Thompson discovered a remarkable relationship: the rate at which the horse worked appeared to be directly proportional to the temperature of the boring tool and the hot metal chips it produced. Later, in the middle of the 19th century in England, James Joule performed careful experiments which confirmed Thompson's observations. At about the same time, Robert Mayer, a young German physician, arrived at a fundamental insight, namely that the muscular energy expended by the horse can be changed into another form: heat or motion of the molecules of the brass, but that energy is conserved in the process, and cannot be created or destroyed.

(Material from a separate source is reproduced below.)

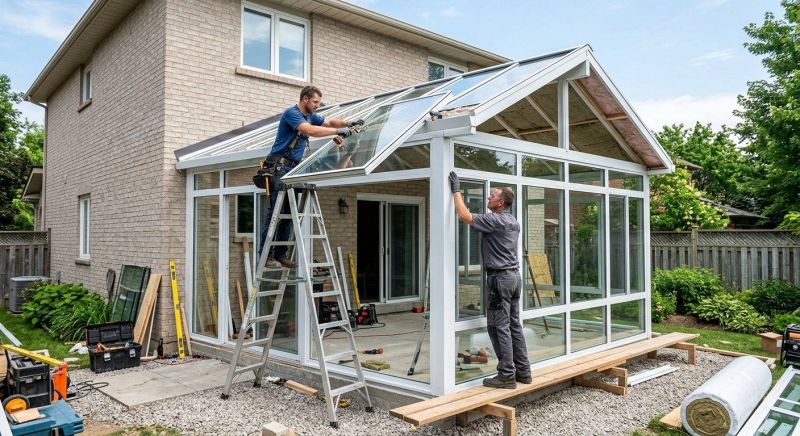 Sunroom Remodeling in Longmont, CO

Applying this same principle to the case of the operation of a particle accelerator, Savage argues that within all particle accelerators, the high energy collision processes that lead to the creation of new massive particles in the collision of such particles as electrons and positrons or protons and anti-protons follow the same basic principle of energy conservation. Savage thus asks: is not the electromagnetic energy that powers the particle accelerator what horsepower was to the cannon borer?
Savage points out that at the present advanced stage of high energy physics, we know that electromagnetic energy is able to produce extremely high energy conditions which physicists believe prevailed at a very early stage of the universe's existence. He asks whether it might not also be the case that the universe, at such an early stage of its existence, would have "employed" electromagnetic energy to produce the same magnitude of prevailing high energy conditions and high energy particle interactions on a macrophysical scale which are produced today on a microphysical scale by particle accelerators.
His answer, like my own, is that the underlying fundamental physical nature of anything and everything that can be produced by more powerful accelerators will be some form or another of electromagnetic energy."
Ernest J. Sternglass, "Before the Big Bang: the Origins of the Universe and the Nature of Matter," pp. 288-289 (2nd edition 2001).